# Sampling variation and sampling distributions

## Learning outcomes

On watching this video, students should be able to:

1. Describe the abstract idea of a sampling distribution and how it reflects the sample to sample variability of a sample statistic or point estimate.
2. Identify the standard error as the standard deviation of the sampling distribution and explain how it is a measure of the precision of a point estimate or sampling variability.
3. Distinguish between the uses of the standard deviation and uses of the standard error.
4. Infer that although the sampling distribution is a theoretical construct that we never empirically observe, we can estimate the precision of a point estimate using the standard error which is estimated from a single solitary sample.
5. Confirm that larger samples will contain less sampling variation and thus offer a more precise point estimate, and that larger samples are more likely to be closer to the true population value (assuming there is no systematic bias).

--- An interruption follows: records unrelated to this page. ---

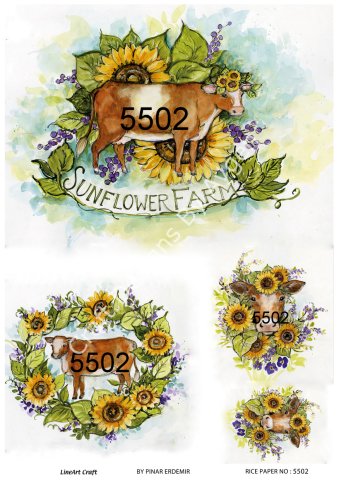 5502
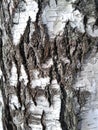 Bark birch tree texture background Royalty Free Stock Photo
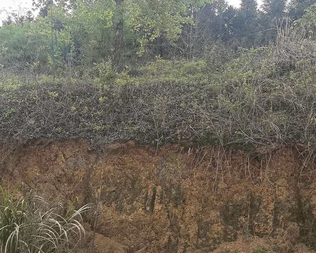 池州市地区处理4万方黄土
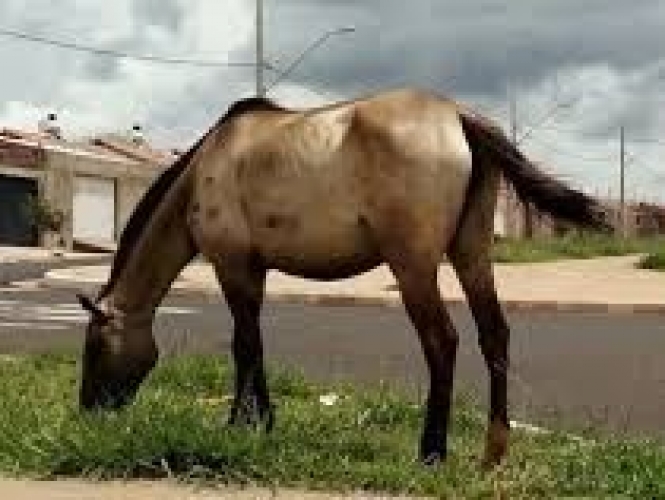  Prefeitura de Mariluz, fará a apreensão de cavalos e éguas que estiverem soltos em vias Públicas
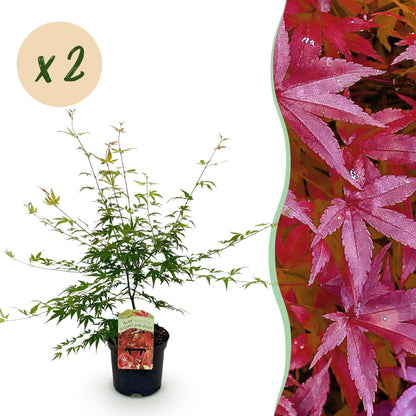 Acer palmatum Pink Dwarf : jeune plant en pot à feuillage vert clair, avec un bandeau rose de feuilles roses à droite et une bulle "x2".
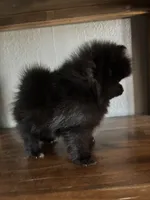 Niko, a male Pomeranian for sale in Brentwood, CA – 2 of 5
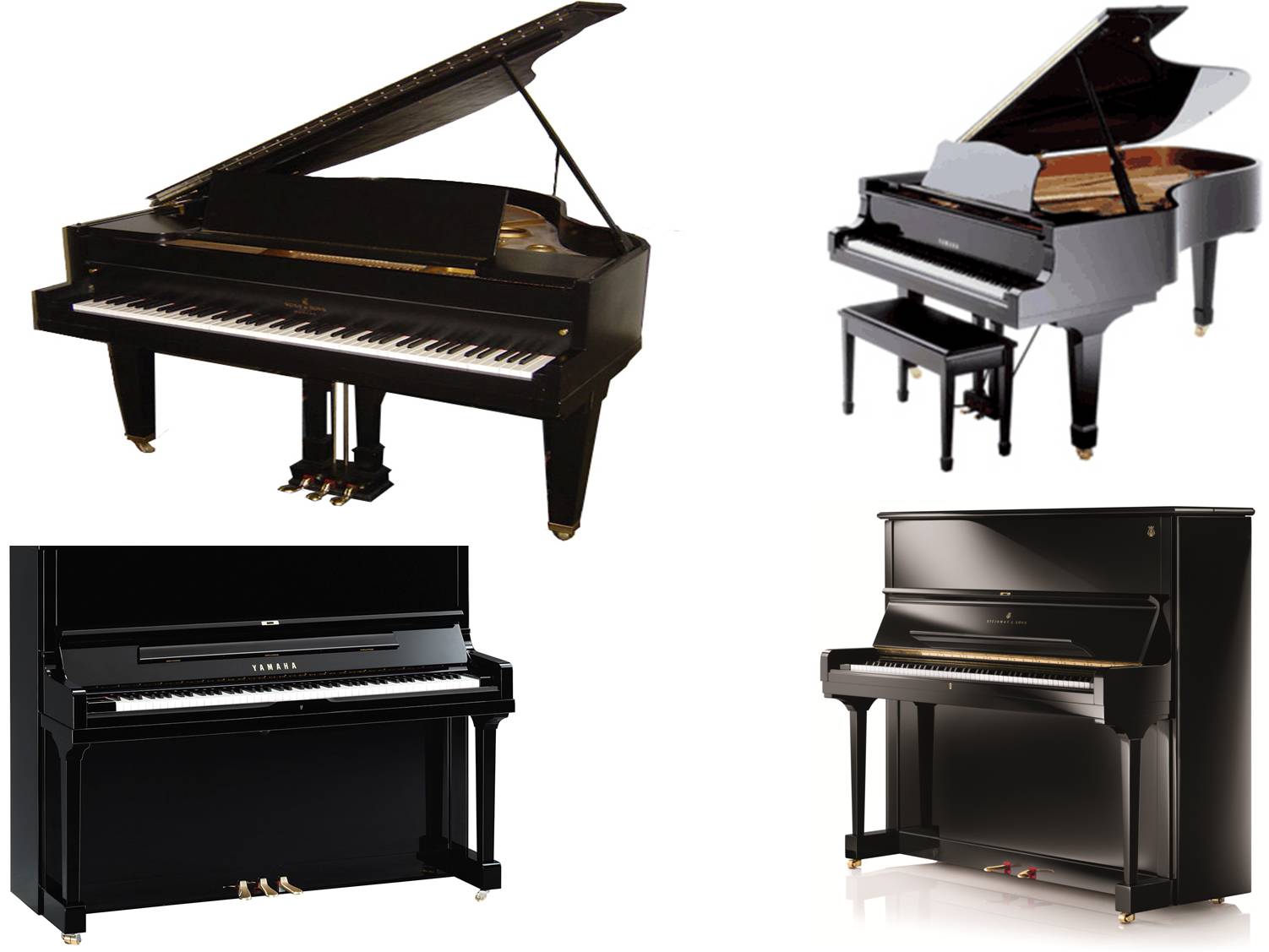 Grand Piano on rent in Rajkot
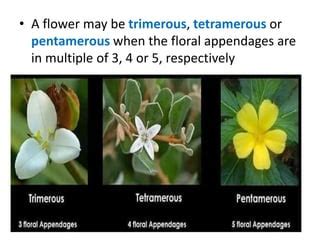 Morphology of flower | PPT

A thought experiment about sampling distributions:

• Imagine you take a random sample of individuals from a target population, measure something and then calculate a sample statistic, the “mean” let’s say. You calculate the mean in the sample because what you really want to know is the mean in the population, and the sample mean is a point estimate of this population parameter.

• Imagine you take another independent random sample and calculate another mean, it is highly likely it would be different to the first mean because it is a different sample - the sample was selected completely independently of the first sample, and individuals were selected by a random process.

• Imagine you keep doing this over and over again, each time calculating a mean and recording its value. The sample means would vary from sample to sample and you could plot their distribution with a histogram. We call this distribution the sampling distribution. We call it sampl-ing because it is the distribution from “sampl-ing” lots of times. This is different to the “sample” distribution which is the distribution of the observed data.

• The spread or standard deviation of this sampling distribution would capture the sample-to-sample variability of your estimate of the population mean. It would thus be a measure of the amount of uncertainty in your estimate of the population mean or “sampling variation” or “sampling error”. You can also see it as a measure of precision of the point estimate, in this case the mean.

• You might imagine that means calculated from bigger samples would vary less from sample to sample, and likewise, that means calculated from samples taken from populations with less variation, would vary less from sample to sample. This would mean more precise point estimates.

• We call the standard deviation of the sampl-ing distribution the “standard error” to distinguish it from the standard deviation of the sample distribution. You might find it helpful to remember this by interpreting the word “error” in standard error as reflecting sampling “error”.

• You've had to imagine all this because we almost always do only one experiment or take only one sample, so we never observe the sampling distribution. A sampling distribution is abstract, it describes variability from sample to sample, not across a sample.

Uses of the sampling distribution:

• Since we often want to draw conclusions about something in a population based on only one sample, understanding how our sample statistics vary from sample to sample, as captured by the standard error, is really useful. It allows us to answer questions such as: what is a plausible range of values for the mean in this population given the mean that I have observed in this particular sample? What is the probability of seeing a difference in means between these two treatment groups as big as I have observed just due to chance? Does my study provide any evidence for changing best practice?